On Sun, 2004-02-08 at 22:47, David Brodbeck wrote:
I'm not clear on why this isn't an issue. Let's say I get mail that
claims to be from ziggy.glyphic.com. If I do a lookup on that machine,
but don't step up to the parent domain, I don't have an SPF record to
judge the validity of the message by. Maybe I'm just unclear on the
concept, or missing something really obvious here.
--Mark Shewmaker <mark(_at_)primefactor(_dot_)com> wrote:
If ziggy.glyphic.com doesn't resolve at all, then most MTAs would reject
emails with a mail from from there on that basis alone, before any spf
tests, so the lack of an spf record would be a non-issue.

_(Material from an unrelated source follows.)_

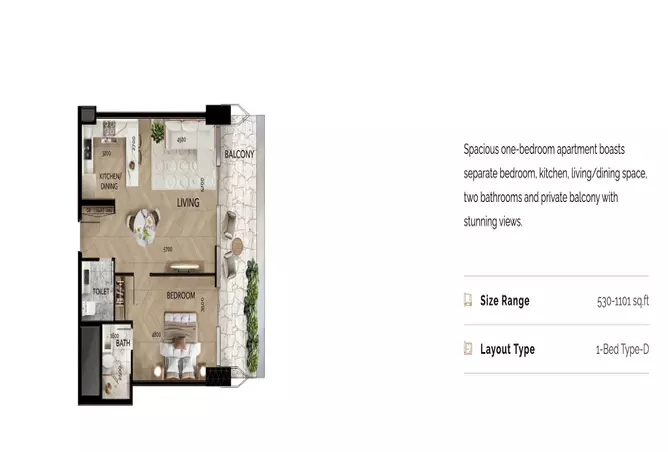 Radiant Bridges — 1BR floor plan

If ziggy.glyphic.com it does resolve because of DNS wildcarding, then
presumably the *.glyphic.com domain owners would also have wildcarded
spf records as well.
I'm in agreement with Mark. Also, I think there are really good reasons to
NOT allow SPF checks to be done on higher-level domains. It makes sense to
most people that corp.domain.com should be a logical part of domain.com,
but that daemon.co.uk is not the same entity as co.uk. (Yes some top-level
domains have A records, try http://cc/ and http://tv/ :) So, you cannot
logically/predictably tell where one domain should be governed by the same
policy as its parent... it should be explicitly verboten.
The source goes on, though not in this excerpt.